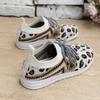 Flying Woven Casual Women's Shoes Spring New Flat-bottomed Round Head Lace-up Leopard Print Single Shoes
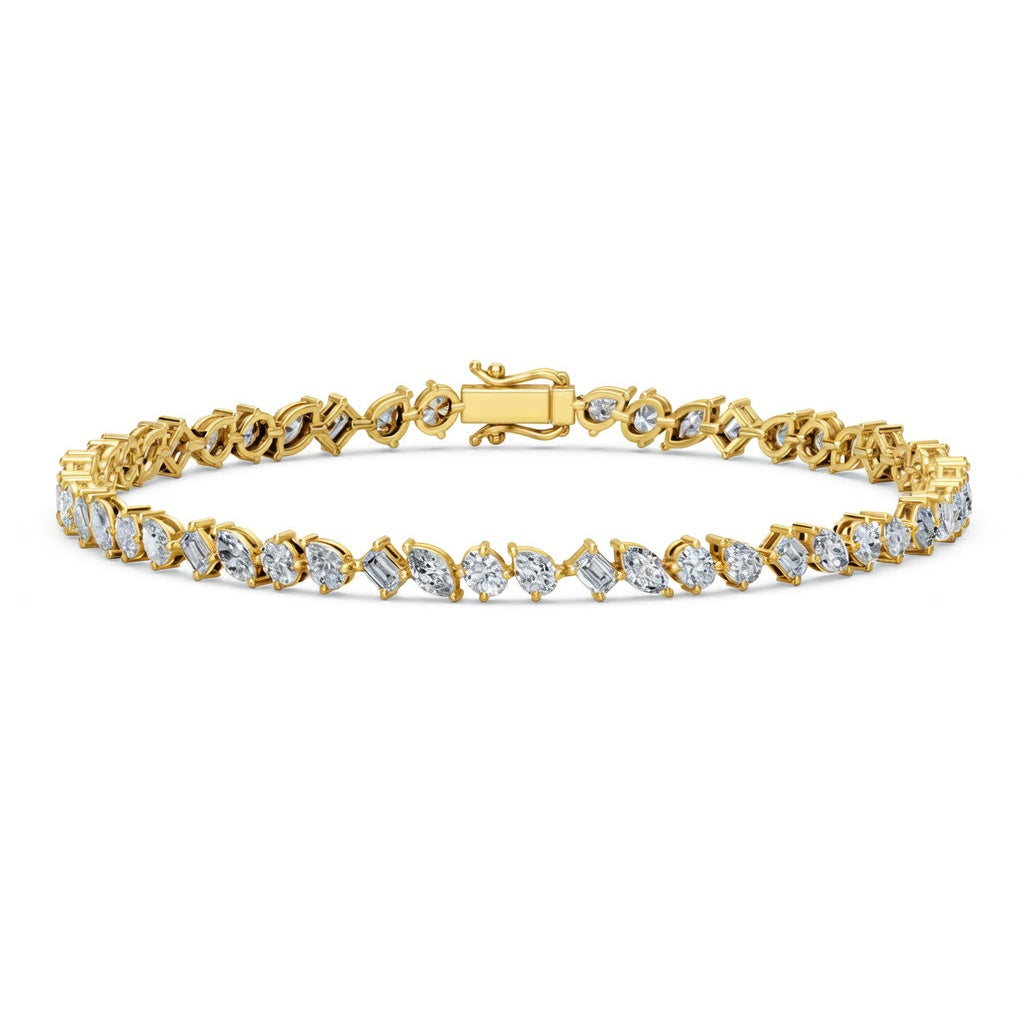 4.9 Carat Oval Marquise Emerald Pear Cut Diamond Tennis Bracelet VS1 D F White Gold 14k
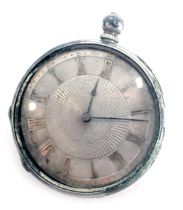 A fob watch, with a white metal Roman numeric dial, key wind, stamped K&M Fine Silver, 34.2g all in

» WHAT THE EXERCISE ASKS
Give back the whole listing exactly as it stands. No pictures belong in the copy.

» RESPONSE TO THE EXERCISE
 Flying Woven Casual Women's Shoes Spring New Flat-bottomed Round Head Lace-up Leopard Print Single Shoes
 4.9 Carat Oval Marquise Emerald Pear Cut Diamond Tennis Bracelet VS1 D F White Gold 14k
 A fob watch, with a white metal Roman numeric dial, key wind, stamped K&M Fine Silver, 34.2g all in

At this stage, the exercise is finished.